» **RECORDS SUPPLIED**

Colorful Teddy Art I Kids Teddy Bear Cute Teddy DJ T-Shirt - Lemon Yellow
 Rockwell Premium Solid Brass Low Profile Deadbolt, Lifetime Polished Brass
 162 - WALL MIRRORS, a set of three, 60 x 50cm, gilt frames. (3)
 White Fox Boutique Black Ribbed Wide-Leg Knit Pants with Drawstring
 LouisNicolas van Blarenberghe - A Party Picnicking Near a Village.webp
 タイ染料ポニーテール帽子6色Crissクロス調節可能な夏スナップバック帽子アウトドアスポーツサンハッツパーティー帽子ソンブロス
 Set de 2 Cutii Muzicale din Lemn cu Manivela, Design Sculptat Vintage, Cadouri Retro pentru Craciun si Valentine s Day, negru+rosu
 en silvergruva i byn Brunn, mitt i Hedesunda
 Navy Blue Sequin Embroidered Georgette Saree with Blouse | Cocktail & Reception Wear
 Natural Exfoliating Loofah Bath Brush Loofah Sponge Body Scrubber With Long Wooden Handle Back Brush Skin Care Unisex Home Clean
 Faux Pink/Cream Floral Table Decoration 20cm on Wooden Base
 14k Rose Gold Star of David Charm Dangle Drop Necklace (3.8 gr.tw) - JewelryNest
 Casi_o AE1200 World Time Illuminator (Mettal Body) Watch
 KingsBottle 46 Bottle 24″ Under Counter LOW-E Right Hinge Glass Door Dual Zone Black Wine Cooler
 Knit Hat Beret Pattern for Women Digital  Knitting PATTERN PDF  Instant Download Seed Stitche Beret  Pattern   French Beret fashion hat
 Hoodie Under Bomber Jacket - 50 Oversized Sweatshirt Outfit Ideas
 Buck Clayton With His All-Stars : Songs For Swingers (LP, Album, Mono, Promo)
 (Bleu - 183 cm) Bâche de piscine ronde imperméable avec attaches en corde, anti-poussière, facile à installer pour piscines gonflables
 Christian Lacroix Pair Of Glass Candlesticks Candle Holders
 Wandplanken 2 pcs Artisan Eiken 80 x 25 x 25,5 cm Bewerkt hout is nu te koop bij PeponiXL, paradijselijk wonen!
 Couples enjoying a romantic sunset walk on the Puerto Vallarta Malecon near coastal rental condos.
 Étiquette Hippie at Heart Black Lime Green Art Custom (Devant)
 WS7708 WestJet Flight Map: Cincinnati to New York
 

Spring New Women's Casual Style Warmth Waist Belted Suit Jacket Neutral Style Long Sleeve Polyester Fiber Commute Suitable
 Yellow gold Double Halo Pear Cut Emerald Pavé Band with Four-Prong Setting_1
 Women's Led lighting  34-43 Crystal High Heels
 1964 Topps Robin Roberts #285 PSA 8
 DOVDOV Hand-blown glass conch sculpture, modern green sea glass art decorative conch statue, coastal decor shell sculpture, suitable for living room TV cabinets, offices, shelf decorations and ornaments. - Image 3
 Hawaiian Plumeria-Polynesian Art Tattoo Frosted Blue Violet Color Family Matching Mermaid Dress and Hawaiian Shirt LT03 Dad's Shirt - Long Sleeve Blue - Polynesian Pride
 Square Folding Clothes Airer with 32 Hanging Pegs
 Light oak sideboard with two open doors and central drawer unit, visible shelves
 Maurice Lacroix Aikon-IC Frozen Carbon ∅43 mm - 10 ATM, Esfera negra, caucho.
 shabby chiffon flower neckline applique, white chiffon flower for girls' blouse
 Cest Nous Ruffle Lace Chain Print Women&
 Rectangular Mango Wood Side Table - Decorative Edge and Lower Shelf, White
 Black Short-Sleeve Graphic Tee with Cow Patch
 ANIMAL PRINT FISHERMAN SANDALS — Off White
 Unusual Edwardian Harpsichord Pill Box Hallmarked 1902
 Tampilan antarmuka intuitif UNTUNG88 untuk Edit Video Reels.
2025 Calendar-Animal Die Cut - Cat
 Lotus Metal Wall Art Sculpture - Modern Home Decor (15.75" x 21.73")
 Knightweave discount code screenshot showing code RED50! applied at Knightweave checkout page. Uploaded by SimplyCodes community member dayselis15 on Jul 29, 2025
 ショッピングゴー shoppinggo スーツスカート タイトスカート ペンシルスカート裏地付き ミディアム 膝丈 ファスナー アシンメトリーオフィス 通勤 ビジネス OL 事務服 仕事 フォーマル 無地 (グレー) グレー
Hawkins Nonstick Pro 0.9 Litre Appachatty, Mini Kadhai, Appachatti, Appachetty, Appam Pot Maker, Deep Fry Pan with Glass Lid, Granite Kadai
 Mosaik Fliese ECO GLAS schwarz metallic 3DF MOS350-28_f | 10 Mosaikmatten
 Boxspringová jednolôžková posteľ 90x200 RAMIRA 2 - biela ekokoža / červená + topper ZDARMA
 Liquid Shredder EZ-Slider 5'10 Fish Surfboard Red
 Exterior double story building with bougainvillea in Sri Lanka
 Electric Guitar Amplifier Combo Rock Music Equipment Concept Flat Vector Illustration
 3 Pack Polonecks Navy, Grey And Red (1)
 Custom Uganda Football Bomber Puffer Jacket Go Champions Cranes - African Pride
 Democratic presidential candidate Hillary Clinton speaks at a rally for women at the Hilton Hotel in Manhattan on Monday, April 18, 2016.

» **GOAL OF THE EXERCISE**
Within the material above, transcribe exactly the lines that run from the line holding "Hawkins Nonstick Pro" through the line holding "Mosaik Fliese ECO".

» **OUTPUT BELOW**
Hawkins Nonstick Pro 0.9 Litre Appachatty, Mini Kadhai, Appachatti, Appachetty, Appam Pot Maker, Deep Fry Pan with Glass Lid, Granite Kadai
 Mosaik Fliese ECO GLAS schwarz metallic 3DF MOS350-28_f | 10 Mosaikmatten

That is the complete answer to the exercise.